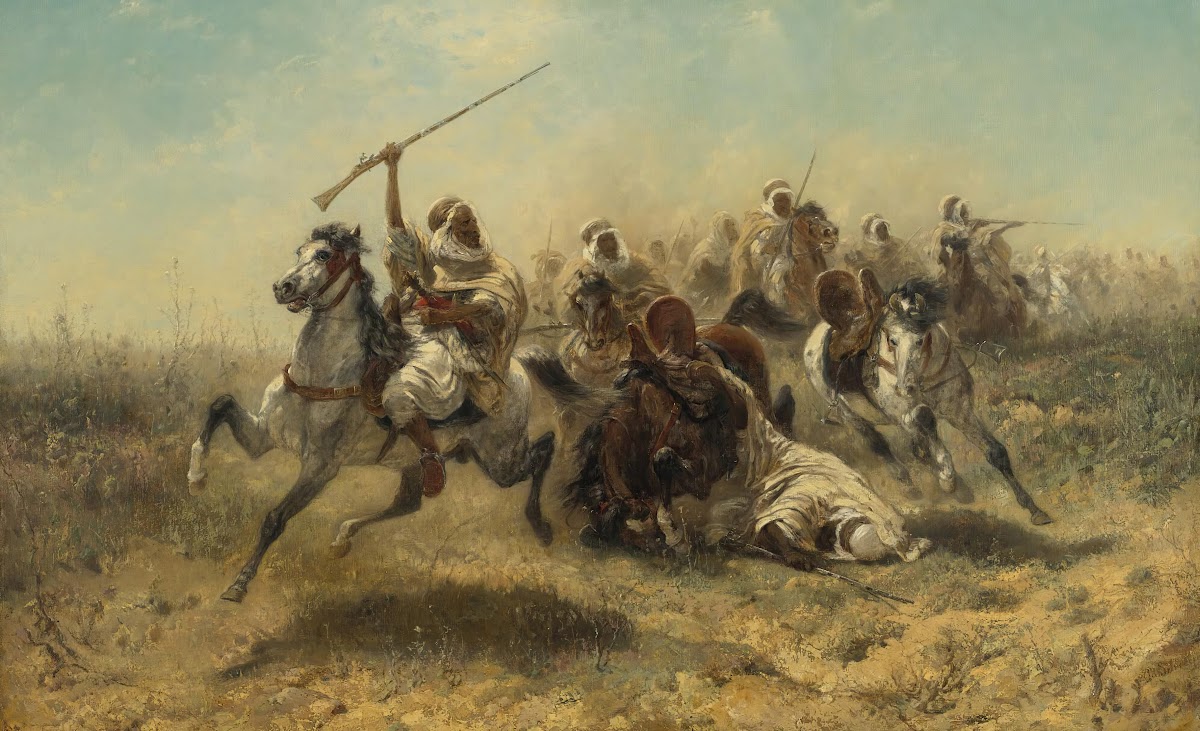 The charge 1869
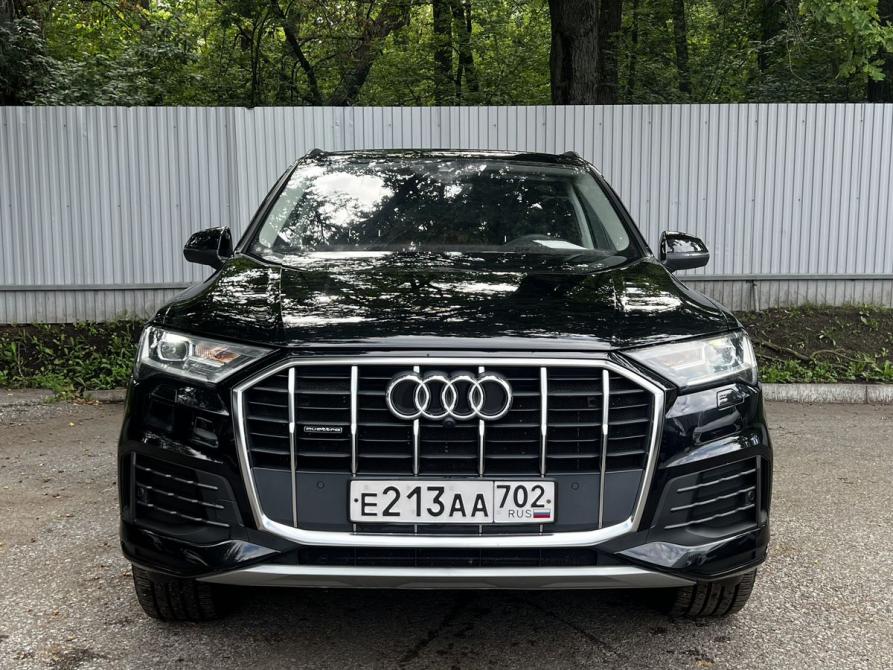 Audi Q7 II (4M) Рестайлинг Уфа  - изображение 2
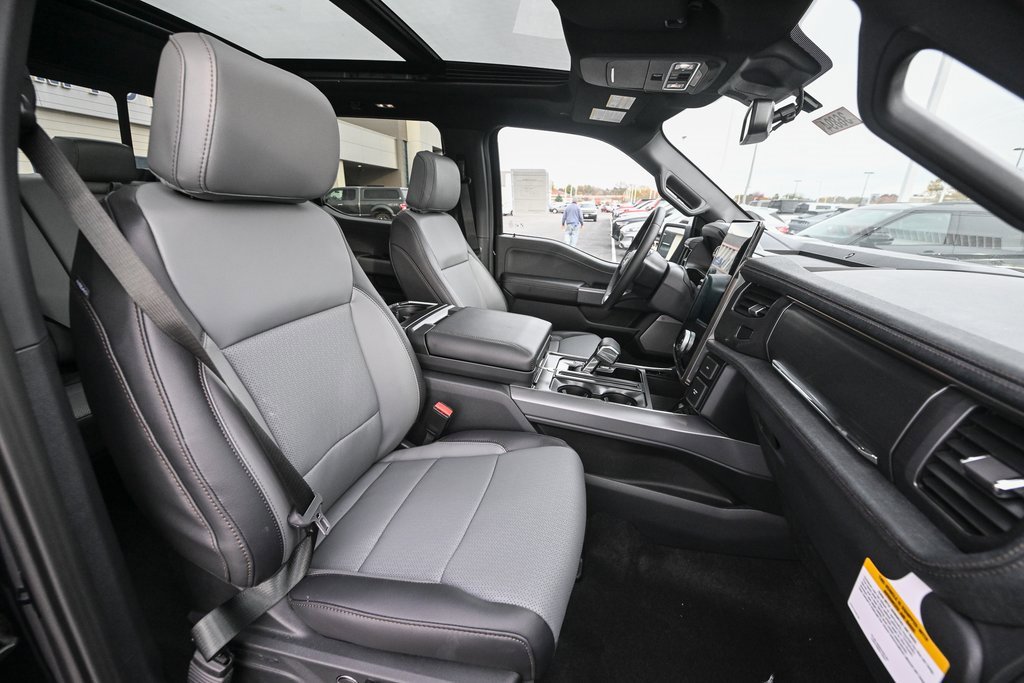 New 2025 Ford F150 Lightning Lariat image 23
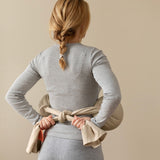 bbhugme Seashell Beige Nursing Pillow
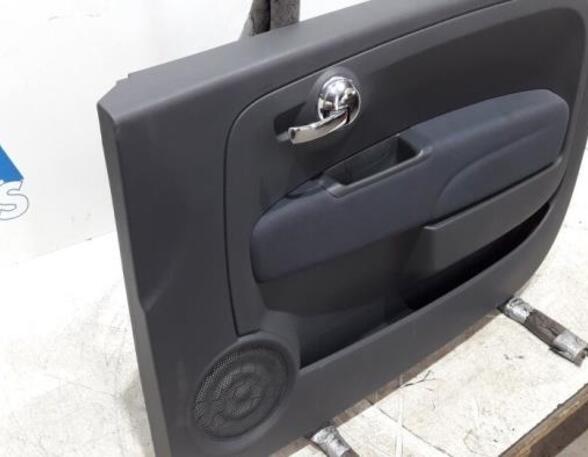 Door Card (Door Panel) FIAT 500 (312), FIAT 500 C (312)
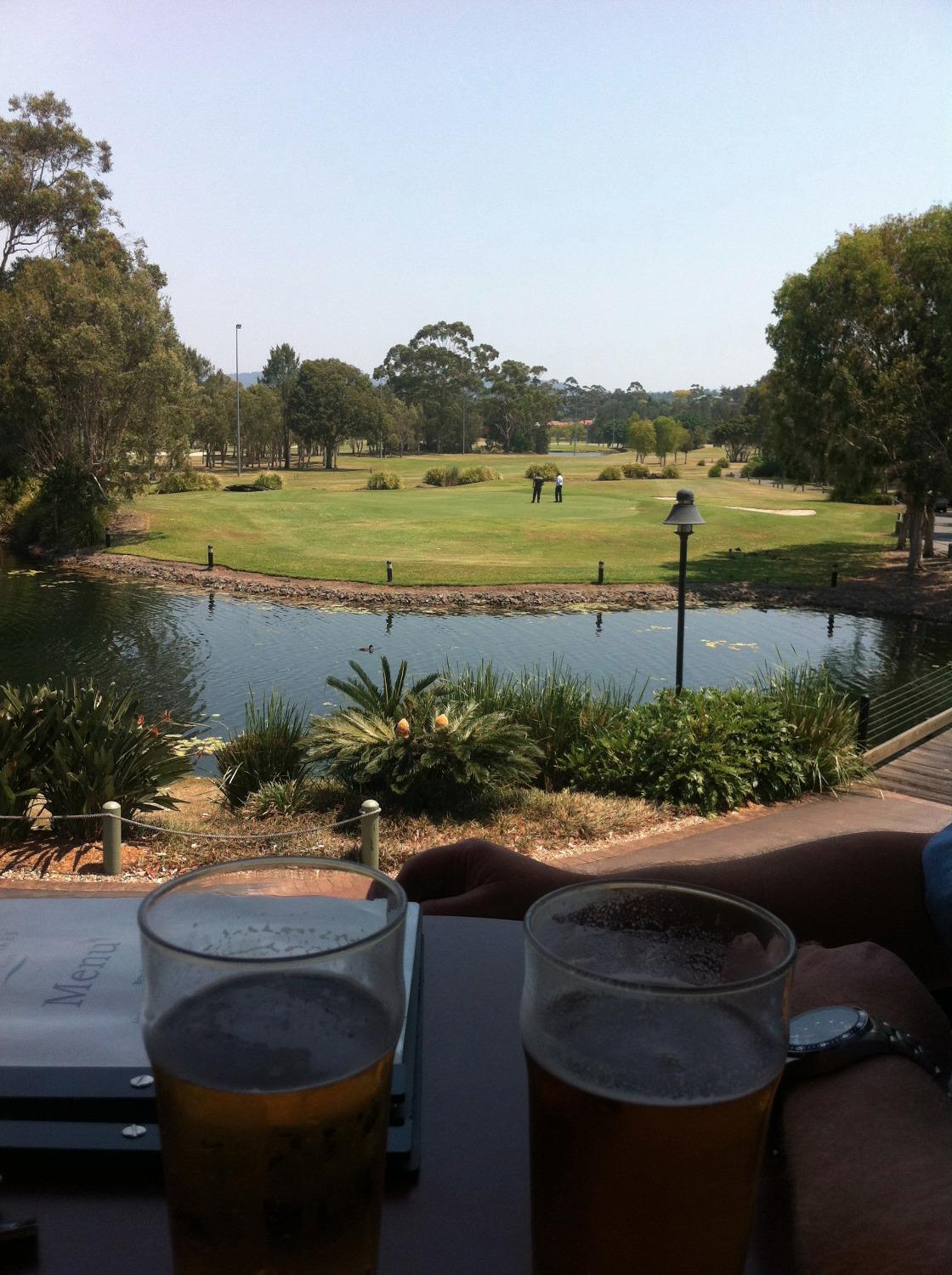 Emerald Lakes Golf Club Logo and Images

= Exercise prompt =
Word for word, output the lines from the line bearing "New 2025 Ford F150 Lightning Lariat image 23" through the end of the records above, and only those, without the pictures.

= Solution =
 New 2025 Ford F150 Lightning Lariat image 23
 bbhugme Seashell Beige Nursing Pillow
 Door Card (Door Panel) FIAT 500 (312), FIAT 500 C (312)
 Emerald Lakes Golf Club Logo and Images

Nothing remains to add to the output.